After reading this thread however I came across this recent paper by Dr Rosenthal in IJROBP[2] which deals with this issue. The authors have given a blanket statement in the discussion that competing causes of morbidity may be important after 5 years follow-up however no citations to support the statement.
Coming to "laryngeal gating" I am not sure if it even exists and if it does how it can be implemented
Indranil,
Dont worry I am not doing it or planning to do it. If practicing in India I will be having my handsful with complex head and neck to really waste time with IMRT in T1 glottic larynx something that can be reliably cured with a simple 2 field arrangement

Just to refresh this post. Altered fractionation (accelerated or pure hyperfractionation) has conclusively shown to improve the loco-regional control. This is evident from various trials. But one big question. Why doesn't this improved loco-regional control translate into improved overall survival?

With reference to T1 Ca glottis, we at RCC Tvm, have been using the old Manchester schedule… 52.5 Gy/15#/3wks. The local control rate is good with 5yr DFS of 94%. They do complain of hoarseness on excessive straining, otherwise they have good quality of voice. With image guidance, i guess we can bring down the irradiated volume a lot, and with arytenoid sparing in the chosen patients, the quality of voice can be preserved.

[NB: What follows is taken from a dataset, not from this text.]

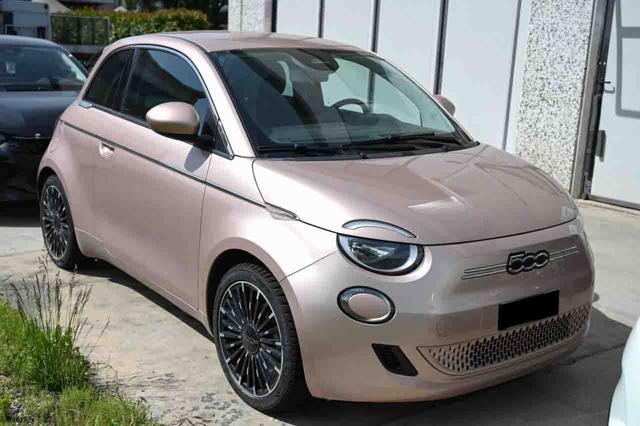 Fiat 500e Berlina 42 kWh Icon - foto 2 di 4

According to the data I presented at ASTRO 2008, the locoregional control was better in patients who recieved hypofractionated RT (>2.5Gy/#). The data analysed three differenr fractionations- 55Gy/16#, 60Gy/24# and 60-66Gy/30-33#. the toxicity data was same in most aspects but the rate of persistent edema was higher in patients with hypofractionation. The persistent edema was defined as edema persisting for more than 12 weeks. Although I must admit there were limitations in documenting toxicity as in any other retrospective study (esepcially if u have to dig data more than 25 years old). the voice quality as expected was not analysed. So no comments can be made on that.
Perception may not be reality. The patients who have events like cardiac including CVA, will not come to you for follow up. It may not be totally unbelievable when somebody says that the carotid irradiation may increase CVA's. There is a name to this bias which I donot remember, which actually develops when the patients who come for follow-up without any symptoms reinforces a erroneous perception that the treatment actually was not toxic, whereas actually these patients donot represent the universal set of patients. These things can only be known from a well done retrospective study (without any lost to follow up) after a decade of treatment.
The disease specific survival in my study which included 1000 patients of early glottic cancer was 96%. The major causes of death among these patients were non malignant causes followed by second cancers, both of which were more than deaths related to glottic cancer.